How mich does a 240sx weigh? Anybody have an engine swap? Would a L28 fit in one?

steve77z


----------



## Sykikchimp (May 8, 2002)

L28?? sorry, that's not a nissan engine, but I can tell you that pretty much any engine V8 or under will fit. I've seen them with 2jzgte motors, and RB25det motors. both inline Six's that are longer than V8's.. and I can't remember where but I saw a 240z 9roughly same size engine bay) with an LS1 corvetted engine in it with a supercharger. truly badass.

S13's weigh right around 2700lbs give or take depending on model and features.

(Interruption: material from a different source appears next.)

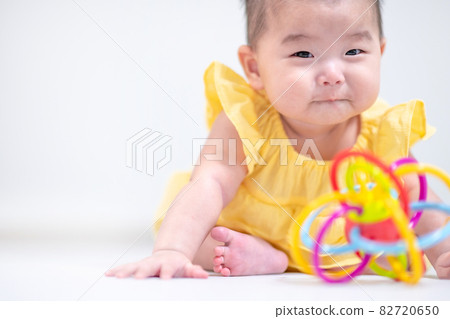 parenting lifestyle baby children 82720650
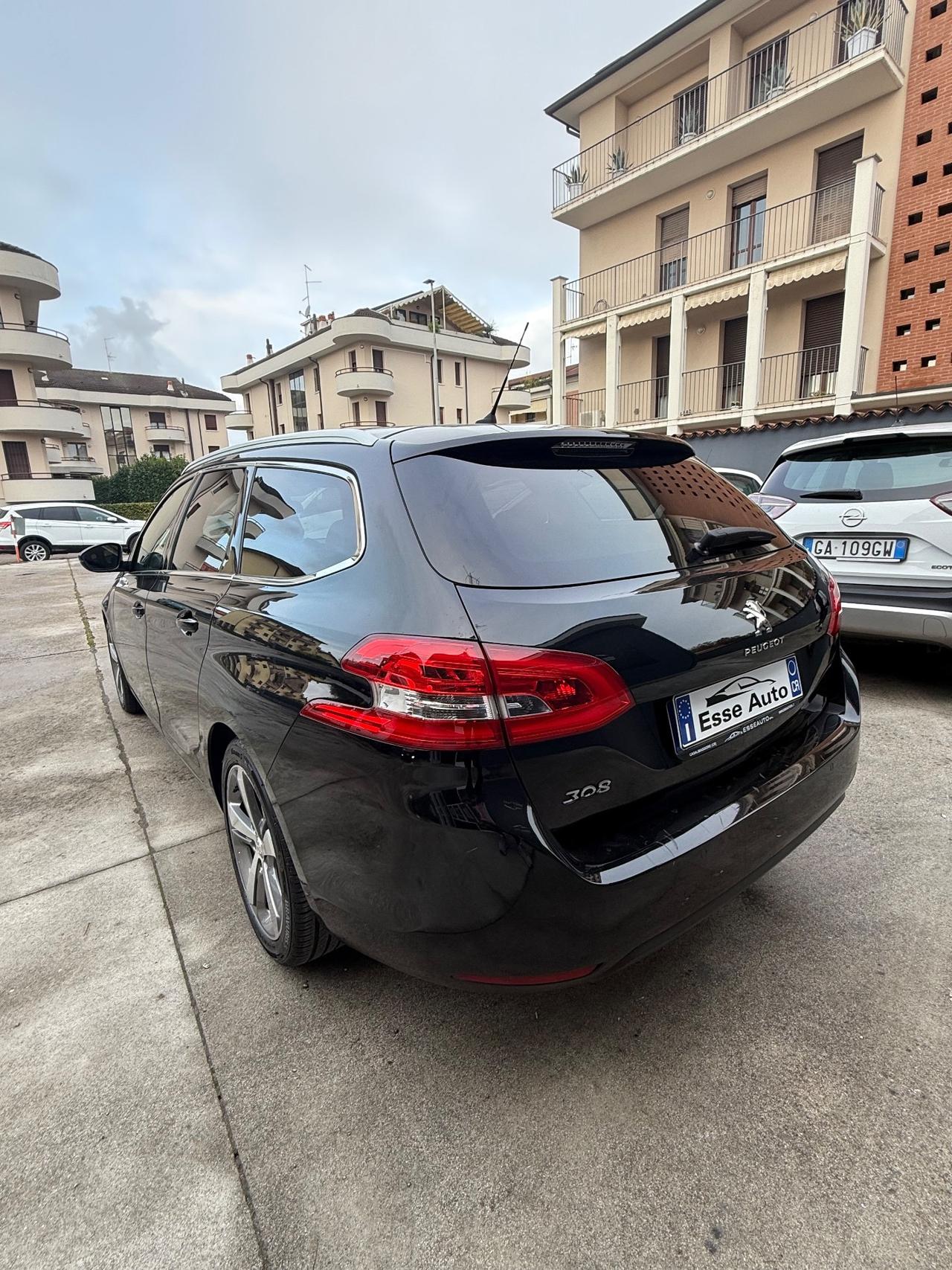 Peugeot 308 BlueHDi 130 S&S Allure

I don't have an engine swap. but would love to do that one day.. Maybe a CA18DET or SR20DET in there.


----------



## Guest (May 9, 2002)

Sorry to confuse you with the motor...I'm used to hanging out in Z forums where you say "L28" and everybody knows exactly what you mean. I guess in a 'general' Nissan forum, "L28" doesn't mean anything....Thanks for the weight info though...2700 is about the same as my 280Z (with an L28 in it.)

steve77z


----------



## Sykikchimp (May 8, 2002)

I'm sorry you just caught me off gaurd.. I'm a 240 guy, and don't see much reference to the L series motors. The KA does have it's roots set in the L series though.


----------



## my420sx (May 12, 2002)

wuts the stock HP on the S13?


----------



## Sykikchimp (May 8, 2002)

S13 hp = 89-90 140hp 160 ftlb torque
91-98 155hp 160ft lb


----------